That wiki page lists a lot of evidence that a meaningful chunk is genetically causal. Is there a strong reason for me to think otherwise? Even the pessimistic numbers from gene mapping that are cited are .1-.2
I mean, start with the fact that it's a correlation statistic and not a causal statistic and just work your way back from that. Heritability --- of the kind with a research literature cite record --- is simply the ratio of phenotypical variation to genetic variation. The number of fingers on your hand is not, in that statistic, highly heritable.
I don't think there's a Wikipedia cite that's going to get you over that speed bump in your argument.
A lot of those studies work very hard to split apart the genetic (and sometimes including epigenetic) factors at point of sperm meets egg, the environmental factors in the womb, the parenting factors, and/or the rest of the post-birth environment. They're not doing a simple ratio.
And to the extent that research successfully isolates the genetic factors, we know it's not some outside factor causing a correlation, and we know it's not IQ causing genes. Anything isolated there is genes causing IQ.
I think you should take a beat and read up on assortative mating; also on heritability, which is a population statistic, not a measure of any single person. As it stands, this response you just wrote doesn't make sense.
If you just measure genes and IQ, then assortative mating screws up that statistic very badly.
When researchers do studies specifically designed to isolate different factors, it's different. Please stop ignoring this part of my argument!!
Assume the most extreme case of assortative mating possible. Every child inherits two genes that list the exact IQ of its parents.
Do those genes correlate with the IQ of the child? If they do, there's only a few ways for that to happen. The causal factor could be how they're parented, or the environment, or the genes themselves. If you correct for the first two across a statistically large sample, and still see an effect, then it must be the last one.
> not a measure of any single person
I know. I'm saying each data point inside the statistic is arrived at in a specific way. Cause and effect only go via certain paths. It's easy to make mistakes about cause and effect by forgetting about paths, but you can categorize them and only some paths are possible. Any statistically resilient correlation has a cause somewhere.
Molecular and behavioral geneticists absolutely, in modern studies, attempt to deconfound heritability statistics. Within-family and sibling regression are two of those techniques. When you use those study designs, heritability plummets for IQ, but not for traits like height.
I'm not trying to stake out a position about whether IQ is in any sense genetically causal or fixed. I'm saying that it's much more complicated than the Wikipedia page on "Heritability of IQ" would suggest. That's the only reason I dipped into this thread. You can believe whatever you want to believe, but this is an actively (indeed, furiously) studied open question, and the answer is definitely not "twin studies from 20 years ago set a heritability number that resolves the question".
I know it's complicated, but you seemed to be arguing pretty strongly that the genetic component is zero which while possible is not well supported by the evidence.
If you're not trying to stake out a position then you did a very good job of convincing me otherwise.
I don't know where I implied it wasn't complicated?
Also my original statement was just that it's "entirely reasonable".
I think if you read the thread history you'll see that I said nothing of the sort. But a conclusive answer to the question of how much direct genetic influence there is on intelligence (outside of disease/disability genetics) is very much not supported by current evidence. It's an open question. Right now: it's not looking great for the hereditarians (define them as "there is a very strong genetic component to cognitive ability"), but that could change as molecular genetic methods improve. Nobody knows.

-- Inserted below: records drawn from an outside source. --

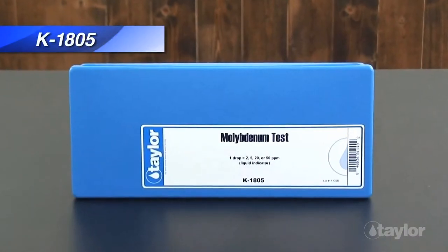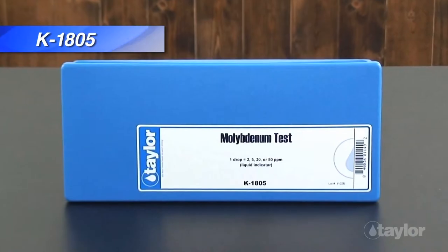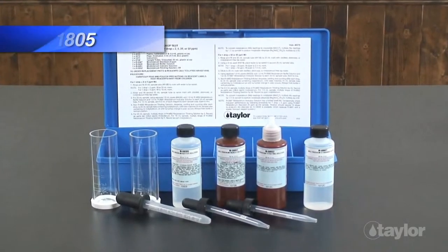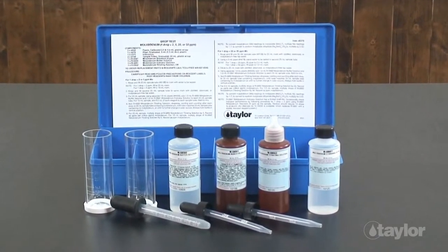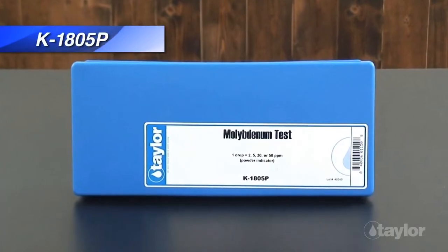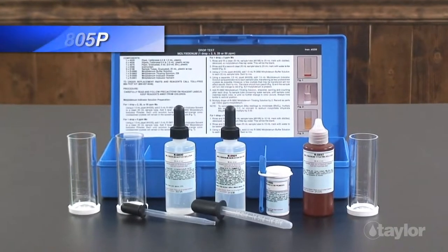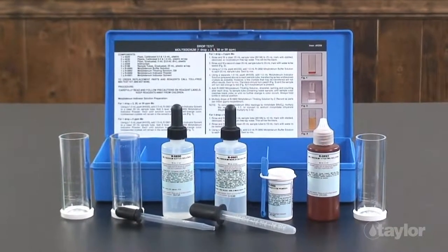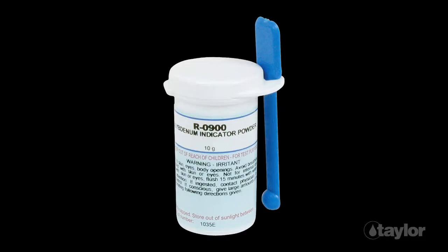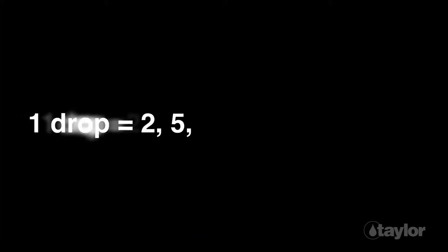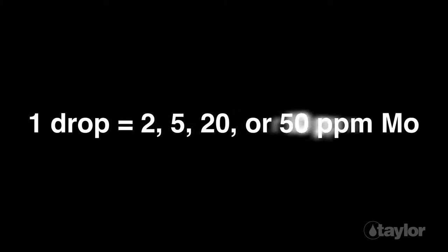Taylor manufactures two drop test kits for determining molybdenum levels: K1805 and K1805P. For this video, we will be demonstrating the K1805P, which includes a powdered indicator for increased stability. The drop equivalency is one drop equals two, five, twenty, or fifty parts per million molybdenum.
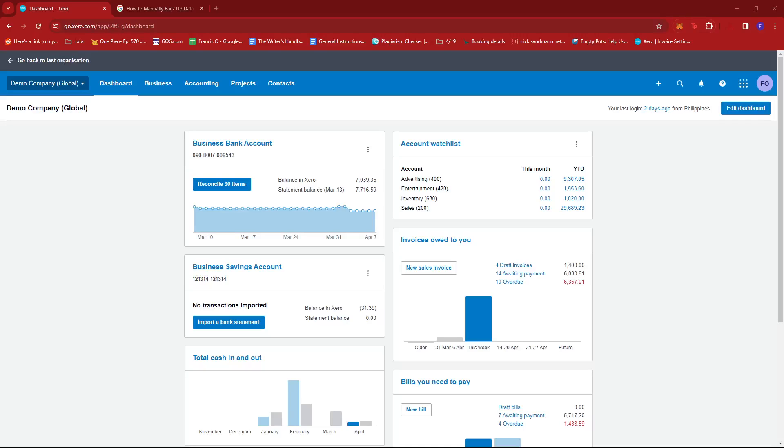In this video I'm going to show you how to manually backup data on Xero. So the first thing you'd want to do is log into your Xero account and then head to the dashboard.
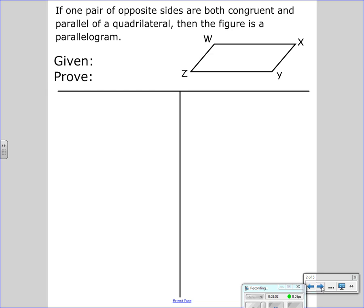One of the things I want you to be able to do before we leave this class is look at an if-then statement and come up with a given, a picture, and a two-column proof. So, if both pairs of opposite sides are both congruent and parallel, remember that the 'if' part is what we are given. We have our quadrilateral, and opposite sides are congruent.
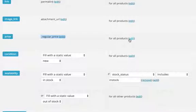With the product feed manager, we can set it to the sale price if there is a sale price available. Or if no sale price is set, we can keep the regular price. And this is how we can do that.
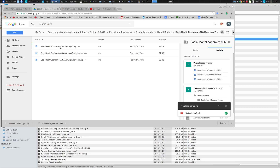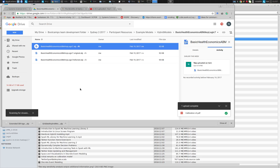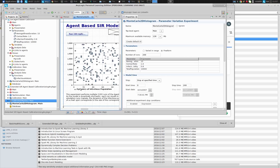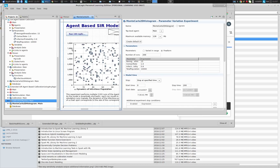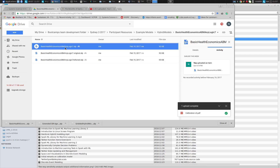These have unclear names. I'm not quite sure of the designation, but I don't think you want the 'refacted' one — I think it was supposed to be 'refactored.' So see if you can download the normal one: Basic Health Economics, ABM, AnyLogic 7. Which model is it? Basic Health Economics.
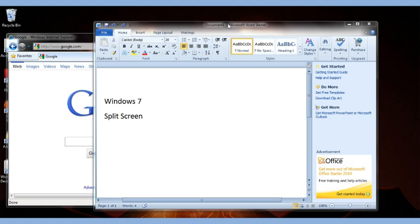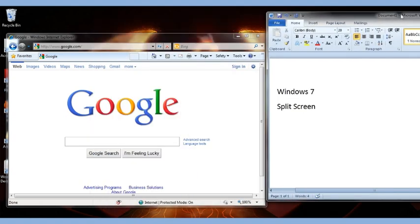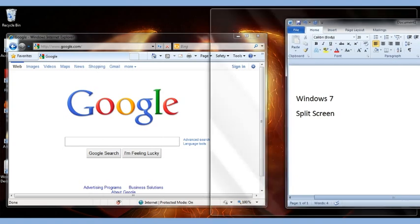You're going to go to the top of the very first window and you're going to click and then drag off to the side. You will see the outline of half of the monitor.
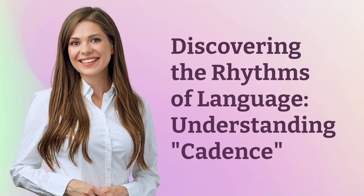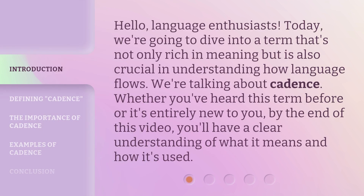Discovering the Rhythms of Language: Understanding Cadence. Hello, Language Enthusiasts. Today, we're going to dive into a term that's not only rich in meaning but is also crucial in understanding how language flows. We're talking about cadence. Whether you've heard this term before or it's entirely new to you, by the end of this video, you'll have a clear understanding of what it means and how it's used.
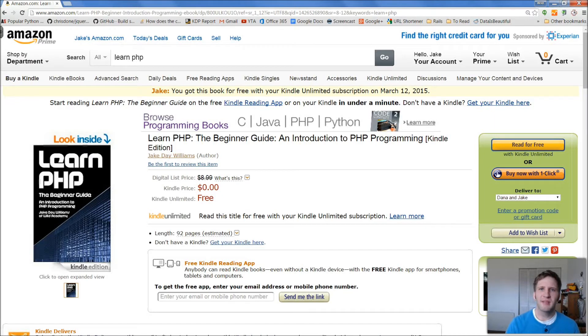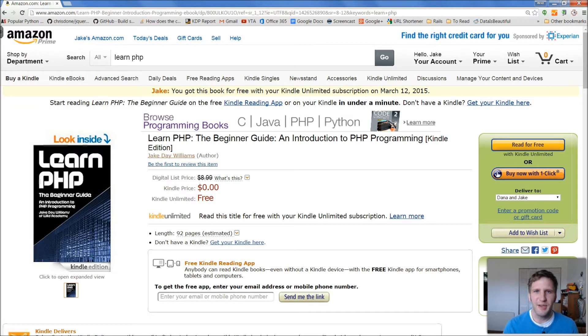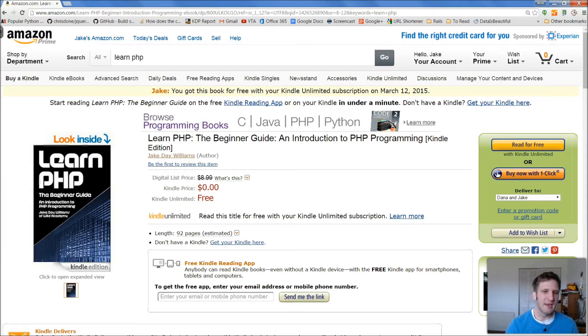Hey everybody, it's Jake from Wild Academy. Today the Learn PHP book is free, so go ahead and pick that up. I'll put a link down below and you can grab that.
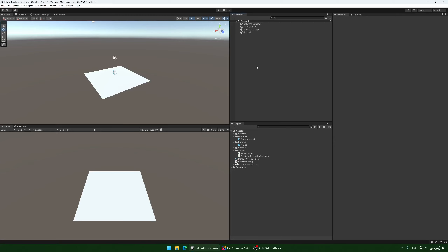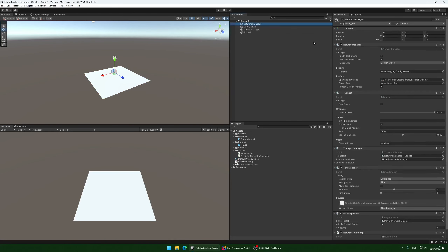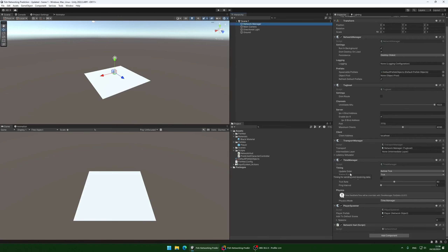To get started, I created a new project in Unity 2022.3.49f1, and I just added some simple setup things like a plane mesh for the ground, a network manager with a tugboat component which is the transport, a transport manager which we are going to be using later, a time manager, a player spawner, and a network HUD.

I don't know what you think that means, but if you took "peer reviewed evidence" from the 1990s as scientific truth, you'd arrive at an answer that is outside the mainstream of even hereditarian scientists today. Further, things like twin studies can't be evidence of genetic causation. I gave an example of why not upthread.
I think we are way too deep in the weeds for this to be productive, and we're the only two people reading this. If it wasn't clear, I was trying 1-2 exchanges ago to find an off-ramp for this. I'm not telling you what to believe, I'm just saying that twin study heritability statistics don't settle the question. We should be able to agree comfortably there.
Some of the studies linked are from the last ten years, but whatever I think we've explained our positions well enough at this point and there's not much use in continuing.
(I inadvertently edited my comment after you wrote yours --- I just forgot to hit the "update" button. The first graf is the same, but the second graf appeared on the thread after you wrote yours. Just for the record, for anybody that might happen to read this.)